Bea Masuk dan Pajak Jadi Kendala Penerapan Green Freight di Indonesia

Oleh : Ridwan | Minggu, 04 Maret 2018 - 18:30 WIB

INDUSTRY.co.id -Bandung, Implementasi green freight di Indonesia dinilai belum efektif, bahkan masih sedikit perusahaan transportasi barang yang sudah menerapkannya.

Sebagian pelaku masih menganggap penerapan green freight sebagai sesuatu yang mahal karena biaya investasi yang tinggi, sehingga dianggap bertentangan dengan prinsip bisnis yang berorientasi terhadap pencapaian keuntungan (profit).

Efisiensi yang diperoleh dari penerapan green freight dalam jangka panjang dapat diharapkan akan melebihi nilai investasi yang dikeluarkan, sehingga perusahaan-perusahaan harus membuat strategi investasi yang tepat untuk mendapatkan daya saing yang berkelanjutan.

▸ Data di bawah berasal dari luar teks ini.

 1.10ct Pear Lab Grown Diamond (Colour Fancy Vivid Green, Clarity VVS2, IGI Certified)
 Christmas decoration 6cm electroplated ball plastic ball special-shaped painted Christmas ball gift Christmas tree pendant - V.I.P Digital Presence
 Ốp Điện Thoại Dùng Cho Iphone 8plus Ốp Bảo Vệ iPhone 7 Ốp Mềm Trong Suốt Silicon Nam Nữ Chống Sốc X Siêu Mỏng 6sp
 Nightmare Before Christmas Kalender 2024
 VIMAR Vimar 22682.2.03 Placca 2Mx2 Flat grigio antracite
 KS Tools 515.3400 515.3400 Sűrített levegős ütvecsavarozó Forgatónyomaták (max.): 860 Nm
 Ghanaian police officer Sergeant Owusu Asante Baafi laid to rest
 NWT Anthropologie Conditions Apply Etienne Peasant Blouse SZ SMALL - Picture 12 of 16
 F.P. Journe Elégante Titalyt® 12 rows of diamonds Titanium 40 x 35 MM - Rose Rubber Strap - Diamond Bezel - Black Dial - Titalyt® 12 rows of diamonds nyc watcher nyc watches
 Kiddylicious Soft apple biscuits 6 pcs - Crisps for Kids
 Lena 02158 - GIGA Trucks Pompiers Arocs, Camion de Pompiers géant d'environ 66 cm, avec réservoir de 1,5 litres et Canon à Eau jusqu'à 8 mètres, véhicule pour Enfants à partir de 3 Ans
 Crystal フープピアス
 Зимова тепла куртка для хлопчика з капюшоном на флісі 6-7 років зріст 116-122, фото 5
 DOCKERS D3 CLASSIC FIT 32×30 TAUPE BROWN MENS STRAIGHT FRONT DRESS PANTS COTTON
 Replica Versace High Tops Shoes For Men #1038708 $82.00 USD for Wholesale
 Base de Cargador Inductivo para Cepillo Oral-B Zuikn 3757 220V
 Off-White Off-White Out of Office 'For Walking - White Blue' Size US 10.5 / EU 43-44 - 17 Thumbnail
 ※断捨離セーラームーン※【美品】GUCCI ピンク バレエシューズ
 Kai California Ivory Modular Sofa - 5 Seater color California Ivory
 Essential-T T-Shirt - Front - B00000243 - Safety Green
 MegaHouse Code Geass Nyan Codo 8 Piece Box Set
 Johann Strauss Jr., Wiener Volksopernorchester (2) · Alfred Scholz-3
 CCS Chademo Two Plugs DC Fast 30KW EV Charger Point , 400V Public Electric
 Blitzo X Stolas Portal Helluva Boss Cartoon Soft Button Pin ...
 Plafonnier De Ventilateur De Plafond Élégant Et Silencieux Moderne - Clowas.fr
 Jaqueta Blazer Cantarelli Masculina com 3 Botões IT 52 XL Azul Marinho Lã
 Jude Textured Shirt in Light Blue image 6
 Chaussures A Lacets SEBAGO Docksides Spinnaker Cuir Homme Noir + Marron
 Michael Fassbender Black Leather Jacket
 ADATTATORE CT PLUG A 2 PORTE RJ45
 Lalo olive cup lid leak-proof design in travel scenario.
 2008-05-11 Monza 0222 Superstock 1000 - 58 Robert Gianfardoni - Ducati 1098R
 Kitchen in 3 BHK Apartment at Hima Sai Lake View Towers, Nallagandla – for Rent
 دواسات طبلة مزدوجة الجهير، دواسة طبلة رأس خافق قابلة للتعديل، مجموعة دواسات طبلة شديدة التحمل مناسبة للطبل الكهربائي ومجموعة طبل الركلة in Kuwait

Chairman Supply Chain Indonesia (SCI), Setijadi mengatakan, salah satu kendala utama yang dihadapi pelaku usaha transportasi adalah biaya penggantian armada. Harga mahal setiap unit armada antara lain karena beban bea masuk (BM) dan pajak-pajak (PPN, PPH, BBN, dan PKB).

"Berdasarkan analisis Supply Chain Indonesia (SCI), nilai total bea masuk dan pajak-pajak tersebut mencapai sekitar 52,5% dari harga pabrik setiap unit armada," ujar Setijadi melalui siaran persnya di Bandung, Minggu (4/3/2018).

Dikatakan Setijadi, selain dengan investasi baru (penggantian armada dengan yang lebih ramah lingkungan), penerapan green freight bisa dilakukan melalui praktik-praktik operasional yang efisien dan ramah lingkungan.

"Misalnya, eco-driving, penerapan strategi, teknik, dan operasional transportasi yang efisien, termasuk dengan pemanfaatan teknologi informasi," terangnya.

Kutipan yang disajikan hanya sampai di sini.